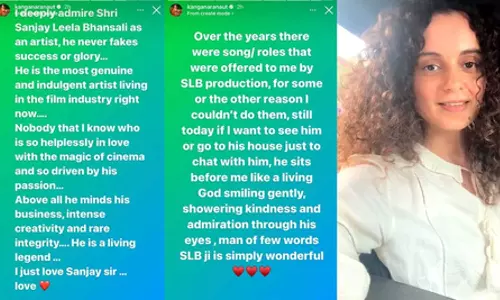 Kangana praises Bhansali, calls him living God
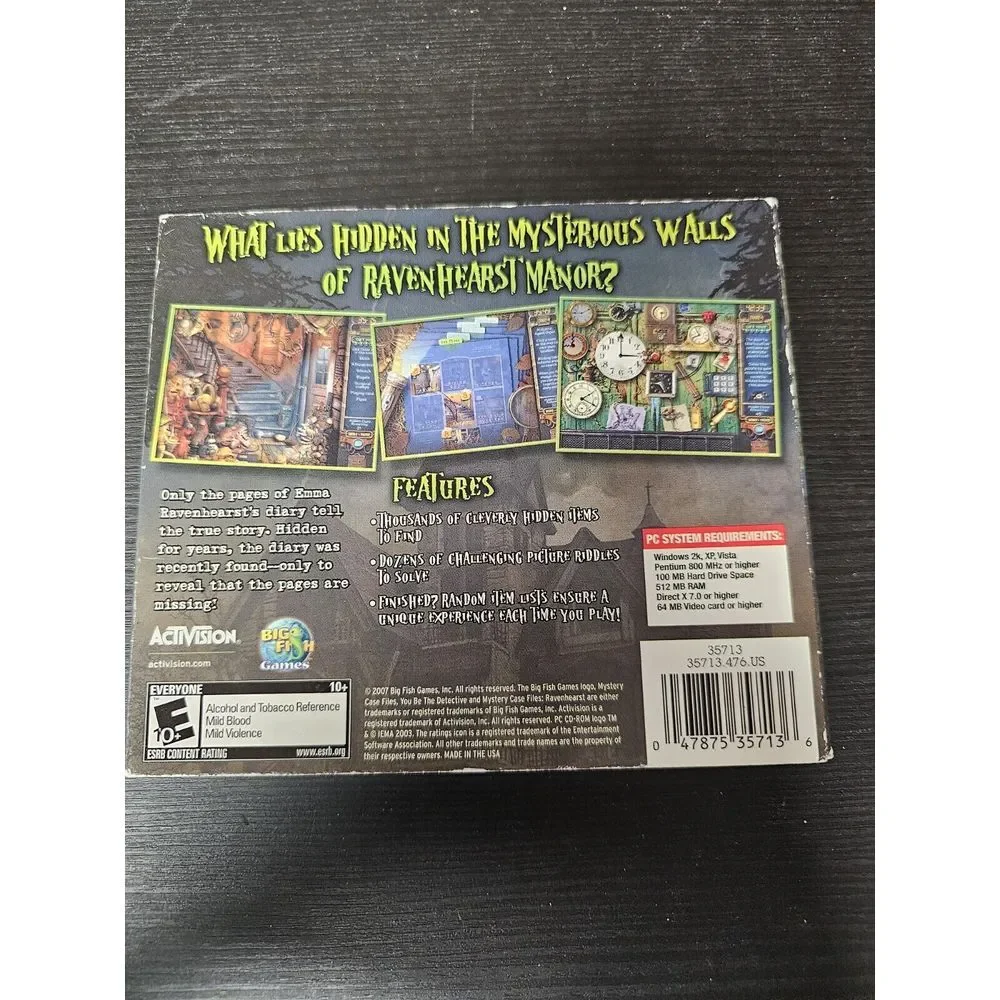Mystery Case Files Ravenhearst PC Game Very‎ Good
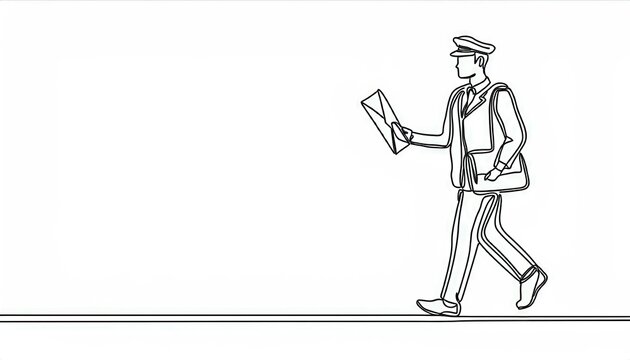 recommend clip art: single continuous line drawing of the postman carries postal package; isolated on white background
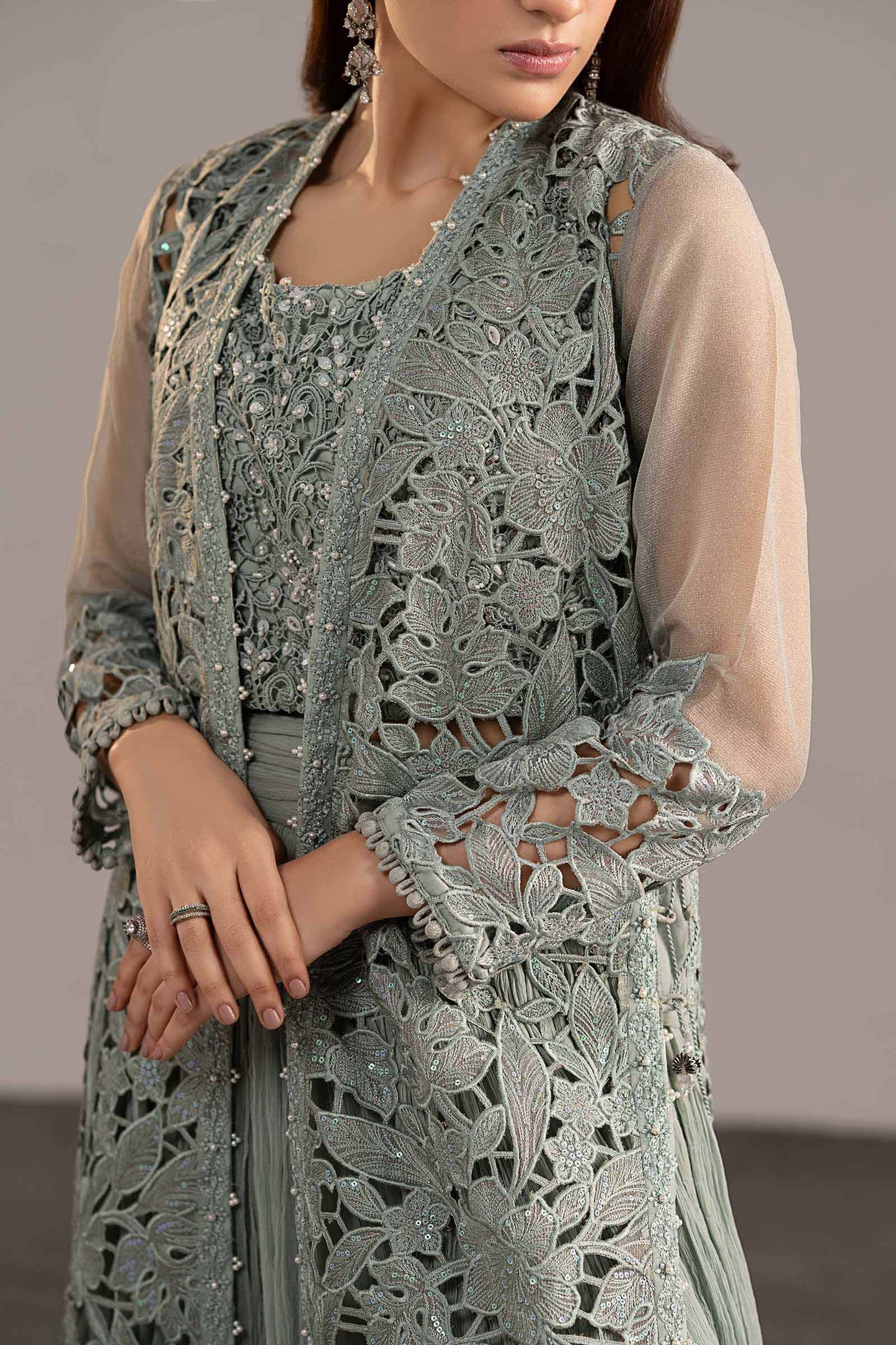 3 Piece Embroidered Zari Organza Suit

= = = =

Exercise prompt >>
The whole listing should be transcribed exactly, though its pictures must be left out.

Response area >>
 Kangana praises Bhansali, calls him living God
Mystery Case Files Ravenhearst PC Game Very‎ Good
 recommend clip art: single continuous line drawing of the postman carries postal package; isolated on white background
 3 Piece Embroidered Zari Organza Suit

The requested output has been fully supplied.